With $f(x)=e^{-\frac1x}$, and $x_k=\frac1k$, define
$$
\begin{align}
g(x)
&=f(x_k)+(f(x_{k-1})-f(x_k))\,\varphi_{n_k}\!\!\left(\frac{x-x_k}{x_{k-1}-x_k}\right)&&\text{for }x_k\le x\le x_{k-1}\\
&=e^{-k}\left(1+(e-1)\varphi_{n_k}((k-1)(kx-1))\right)&&\text{for }\frac1k\le x\le\frac1{k-1}\\
\end{align}
$$

$g$ is infinitely differentiable, monotonically increasing, and $g(x)\le e^{1-\frac1x}$.
For integer $k\ge1$,
$$
g'\!\left(\frac1k\right)=0
$$
and for integer $k\ge2$,
$$
g'\!\left(\frac12\left(\frac1{k-1}+\frac1k\right)\right)=2n_kk(k-1)(e-1)e^{-k}
$$
If we set $n_k=3^k$, then $g'(x)$ varies between $0$ and $2k(k-1)(e-1)\left(\frac3e\right)^k$ on $\left[\frac1k,\frac1{k-1}\right]$. Thus, $g''(0)$ does not exist.

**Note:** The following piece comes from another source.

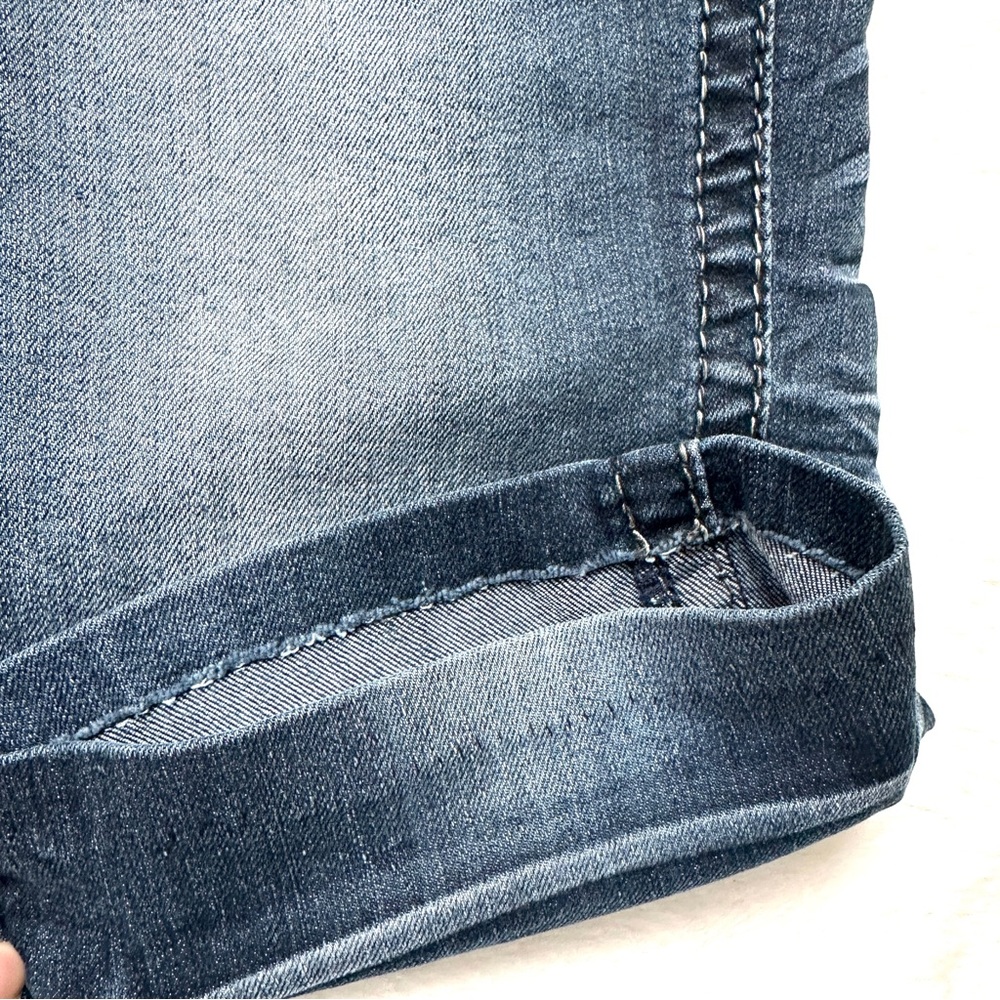 Maurices Silver Jeans Cropped Denim Embroidered Pocket Dark Wash Size 3/4 - Picture 8 of 8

A: No, $f$ doesn't have to be infinitely differentiable at $0$: define
$$f(x) = \int_0^x e^{-1/t^2}\left[1 + \sin (e^{1/t^2}) \right]dt$$
for $x \ge 0$ and $f(x) = 0$ for $x \le 0$. 
$f$ satisfies the hypothesis, but $\lim_{x \to 0}f''(x)$ does not exist.